6. Dynamic individualization
Even though a GenAI is not an ITS, as some ICALL systems were, can it consider and appropriately respond to individual learner differences (Dörnyei, 2006)? On the one hand, the limits of appropriate corrective feedback GenAIs can give curtail the possibilities for individualized help learners receive. On the other, the probabilistic, nonlinear approach and other (hidden) traits of LLMs mean that the experience of text generation is unique to each user (Wolfram, 2023, February 14). In other words, the same prompt put in twice will normally generate (at least slightly) different texts. This is a feature of GPTs because they contain slight distortions to make their generated text more human-like. Texts can also be generated using different voices, styles, and registers as well as for different language proficiency and readability levels. Thus, providing an individualized textual experience is a strength of GenAIs that are based on LLMs.
My inspiration for this title came from the book
Snyder, T. (2017). On tyranny: Twenty lessons from the twentieth century. Tim Duggan Books.

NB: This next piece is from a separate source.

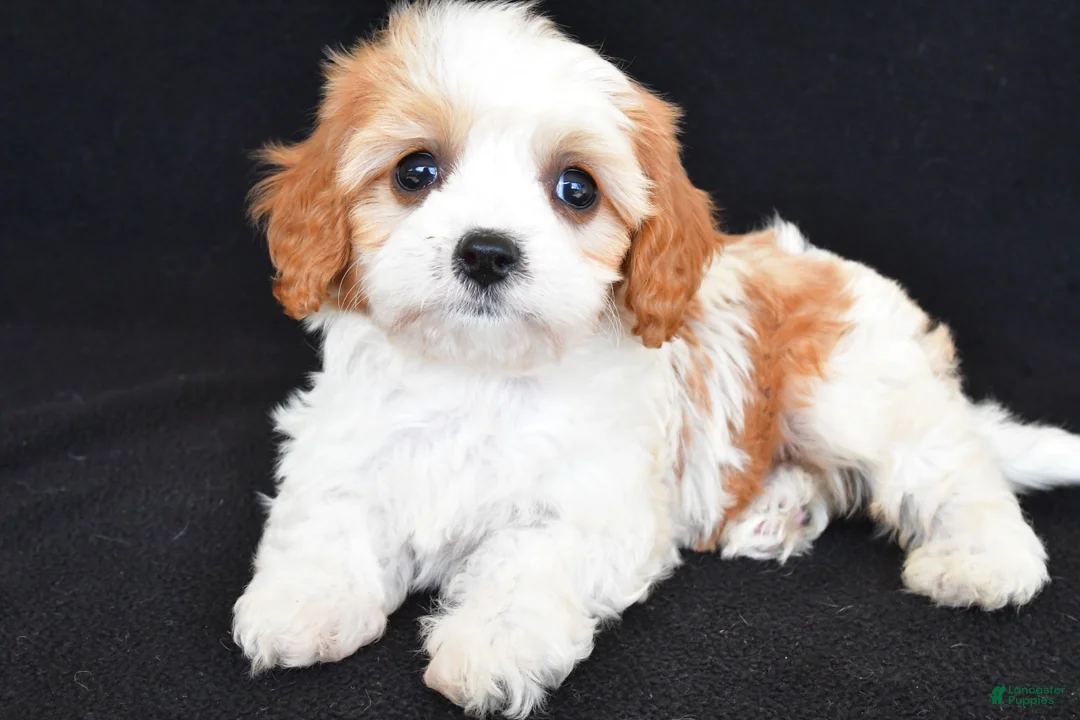 Cavapoo dogs for sale: Chloe - Ad 1
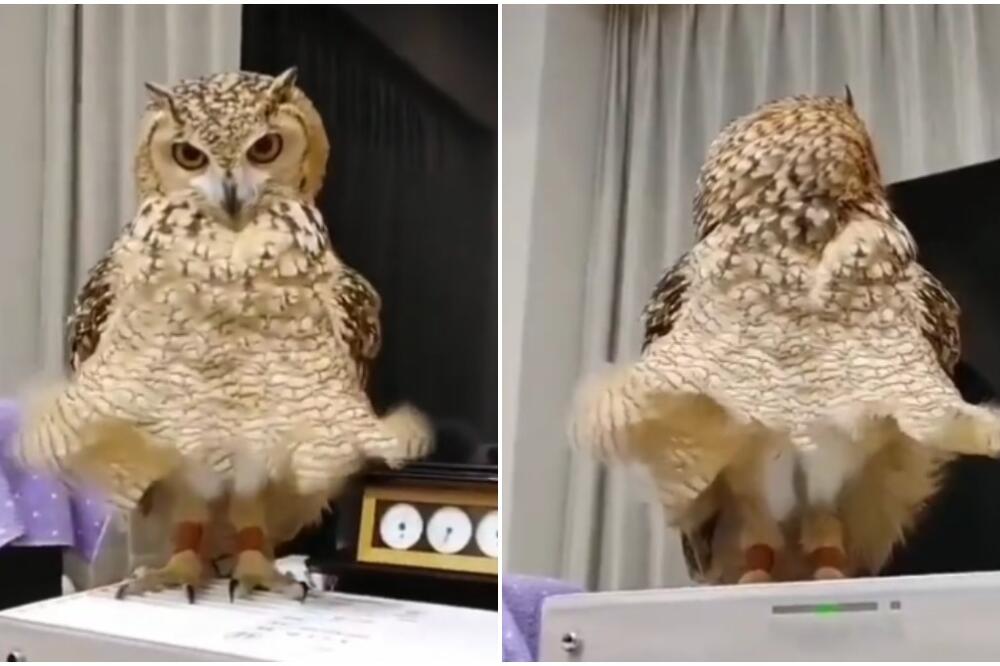 SOVICA POZIRA KAO MERLIN MONRO! Mnogima je već ulepšala dan, kakva GLUMICA (VIDEO)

I am sharing these early drafts of a book chapter I published in
Yijen Wang, Antonie Alm, & Gilbert Dizon (Eds.) (2025),
Insights into AI and language teaching and learning. Castledown Publishers.
https://doi.org/10.29140/9781763711600-02.

With this one, six of the seven lessons have been prepared. Here is a quick list of what I posted in this context before.
– historical introduction
– Lesson #1: exposure to authentic language
– Lesson #2: communication in context
– Lesson #3: interaction in language learning with GenAI
– Lesson #4: appropriate error correction and contingent feedback
– Lesson #5: Recording learner behavior and student modeling
As discussed above, LLMs are machine-learnt ANNs, which were trained on a very large number of texts from the internet. They did not gain ‘their experience’ with a large group of students who they got to know over the years. This is what teachers do, and this is what student models contribute in an AI system. GPTs are not meant or designed to function as an intelligent tutoring system, because they have little to no information about the individual student, planned instructional sequences, and the curricular context of an activity or lesson. Information about an individual student is stored in a student profile. Virtual learning environments and quiz tools, for example, store scores, time on task, resources accessed, etc. in the system. This structured information can be used in a student model of an intelligent language tutoring system to ‘reason’ about the student’s learning and language beliefs, which then informs the next steps of the system: what feedback is given when, what help is offered, which resources are shown or hidden, which activity is pushed next, … And GenAI’s strength is in the generation of plausible texts and not in the administering of meaningful and effective learning sequences. GenAIs can collect further textual data to further refine their LLM, but they do not (yet) collect learner information like bespoke learning environments and apps do. Thus, the individualization of learning processes – also when employing GenAI tools – is still the remit and responsibility of the teacher and must not be delegated to the machine. GenAI can adapt the generated text to the user’s prompt, but it is not designed to deliver or implement adaptive instruction (Schulze et al., 2025 in press). Adaptation of the machine to the learner was in ICALL because of the student model and pre-programmed feedback algorithms, for example. Also, tutorial CALL software in the early phase of CALL had instructional sequences of its activities hard-wired and had limited capability of adapting to the learning path of individual students and their learning preferences through inbuilt branching between activities, for example based on prior answers in the previous activities or overall score thresholds.
References
Dörnyei, Z. (2006). Individual Differences in Second Language Acquisition. AILA Review, 19, 42-68.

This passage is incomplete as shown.